Indeed, Peter Helfrich of ING Real Estate Investment Management (REIM) reports that its semi open-ended Nordic property fund is seeing capital inflows after nearly two years at a virtual standstill.
CapMan also is convinced there is appetite as it pursues a plan to extend its investor base internationally and expand its investment focus to Nordic countries other than Finland. “Our feeling is that there is a lot of interest in the Nordic region from European and global investors,” says Mika Matikainen.
Aberdeen Asset Management is adamant about that demand as well. The firm probably has the largest footprint in the Nordics – with 300 staff in the region and 10 active investment funds, both regional and country-specific, as well as separate accounts – so arguably it has the most to gain. Still, Tonny Nielsen affirms that investors certainly are looking at the region.
Delving more deeply into the issue, however, it seems most institutional investors are lacking exposure to Norway and Denmark. This possibly can be explained by those two markets being “less transparent,” Nielsen says.
Speaking of investors from the region, there are some clear cultural differences between them, Nielsen notes. For example, Swedish institutional investors have tended to be direct domestic investors, while Norwegian investors seem limited to using zero leverage, causing them to lag behind their counterparts from other countries.
In contrast, Finnish and Danish investors are perhaps the most globally sighted. “Several years ago, they realized they needed to diversify in the same way they did with bonds and equities,” says Nielsen.
According to Matikainen, Finnish institutional investors that invested indirectly in 2005 and 2006 did so because they could get leverage to boost returns. However, when they got hurt in 2008 and 2009, appetite for indirect investments in their own country collapsed, despite losses stemming largely from their international opportunistic investments.

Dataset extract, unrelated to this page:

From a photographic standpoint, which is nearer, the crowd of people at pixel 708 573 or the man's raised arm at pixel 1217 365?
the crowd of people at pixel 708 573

ING REIM’s Helfrich agrees with the thesis that the Finns and the Danes have become very diversified in both listed and unlisted real estate across the globe, albeit indirectly. Swedish institutional investors, however, have tended to like the direct route and to focus on the domestic market, which is why a recent move by The First and Second Swedish National Pension Funds (AP1 and AP2) to invest €500 million in European real estate and broaden their European portfolios is so surprising.
Helfrich did not question the rationale for foreign diversification, rather his point was that it seemed to be a return to the 1980s. “Swedish institutions started investing abroad without local knowledge and operations and look what happened then,” he says. “There were huge losses at beginning of the 1990s. I do think going abroad is the right decision, but not if this is about buying an office in Berlin and one in Paris and paying too much.”

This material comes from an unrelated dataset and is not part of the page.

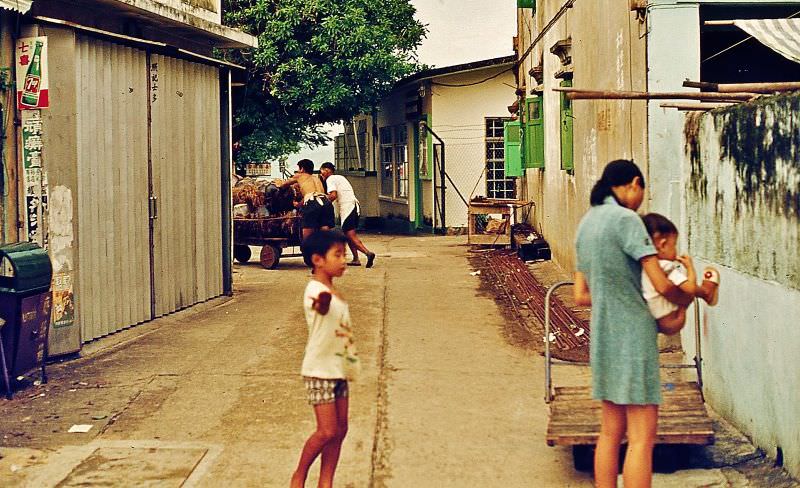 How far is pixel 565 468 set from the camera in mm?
6777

To be fair, AP1 and AP2 are using the “resources, competence and expertise of (advisor) Catella”, so they are not going completely naked. They also have Rickard Backland, former chief executive of Aberdeen Property Investors, as chairman of the new company.
Niam’s Johan Bergman notes that there also seems to be a need to go abroad. In 2008, AP Real Estate, owned by the First, Second, Third and Fourth National Pension Fund, bought a giant portfolio from the Swedish government property company, Vasakronan. That deal gave the pension funds SEK 80 billion (€8.4 billion) of Swedish real estate, mainly in Stockholm, Gothenburg, Malmo and Uppsala. “If they want more property, they have to go elsewhere,” he adds.